Net Operating Loss Extension
Another key provision in ARRA extends the net operating loss (“NOL”) carryback effective for NOLs arising in taxable years ending after December 31, 2007. If made before April 18, 2009, the election to increase the carryback period under the new provision will be treated as timely made. Under ARRA, taxpayers with gross receipts not exceeding $15,000,000 may elect a three-, four-, or five-year carryback of 2008 NOLs, instead of the usual two-year carryback period. The carryback provisions differ depending on the circumstances. For example, there is a three-year carryback for NOLs arising from casualty or theft losses of individuals, or for federally declared disasters for taxpayers engaged in a farming business or a small business, but a five-year carryback for NOLs arising from an ordinary farming loss. Special rules also apply to real estate investment trusts which will have no carryback and for electric utility companies which receive unique treatment under ARRA.

Discharge of Debt
With respect to income from the discharge of indebtedness, ARRA allows taxpayers to elect to treat 2009 and 2010 business income from a discharge of indebtedness as includable in income pro-rated over a five-year tax period. For a 2009 discharge, the inclusion in income begins in the fifth tax year following the tax year in which the debt forgiveness occurs. For a 2010 discharge, the inclusion begins in the fourth tax year following the tax year in which the debt forgiveness occurs.

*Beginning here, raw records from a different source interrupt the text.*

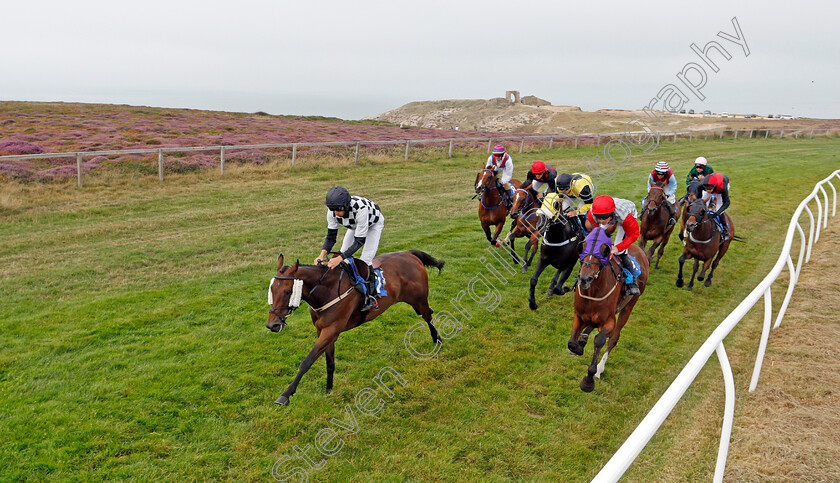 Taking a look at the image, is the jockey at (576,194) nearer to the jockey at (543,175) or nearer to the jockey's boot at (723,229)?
the jockey at (543,175)

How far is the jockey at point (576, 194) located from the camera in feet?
24.7

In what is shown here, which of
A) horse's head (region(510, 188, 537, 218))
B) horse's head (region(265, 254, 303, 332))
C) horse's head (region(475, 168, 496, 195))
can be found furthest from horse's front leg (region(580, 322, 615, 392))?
horse's head (region(475, 168, 496, 195))

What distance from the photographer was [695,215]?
883cm

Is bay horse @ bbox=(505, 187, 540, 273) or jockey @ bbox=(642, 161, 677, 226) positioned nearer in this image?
bay horse @ bbox=(505, 187, 540, 273)

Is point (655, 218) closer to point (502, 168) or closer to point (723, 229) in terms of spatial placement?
point (723, 229)

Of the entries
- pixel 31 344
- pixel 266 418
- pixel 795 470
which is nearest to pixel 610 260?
pixel 795 470

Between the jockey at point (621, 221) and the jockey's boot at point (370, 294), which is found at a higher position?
the jockey at point (621, 221)

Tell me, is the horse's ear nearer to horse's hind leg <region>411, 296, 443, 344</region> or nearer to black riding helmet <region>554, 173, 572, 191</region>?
horse's hind leg <region>411, 296, 443, 344</region>

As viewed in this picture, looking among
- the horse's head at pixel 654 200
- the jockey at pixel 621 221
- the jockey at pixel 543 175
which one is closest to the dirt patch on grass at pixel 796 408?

Tax Imposed on Certain Built-In Gains of an S Corporation
S Corporations historically paid a corporate level tax, at the highest marginal rate applicable to corporations (currently 35%), on the gain from the subsequent sale or exchange of assets as held by it when it existed as a C Corporation. Prior to ARRA, the S Corporation would recognize built-in gain if such assets were sold within 10 years after converting from C status to S status. Now, for any taxable year beginning in 2009 and 2010, ARRA provides for a seven-year recognition period, versus a 10-year one. As a practical matter, the definition of “asset” for purposes of the built-in gain tax is extremely broad: in addition to items such as furniture and equipment or appreciated investments such as securities, other valuable rights such as goodwill or unrecognized income items are potentially subject to the built-in gains tax. An asset may be subject to the built-in gains tax even if it does not appear on the balance sheet. Therefore, proper valuation of assets upon conversion to S Corporation status is recommended.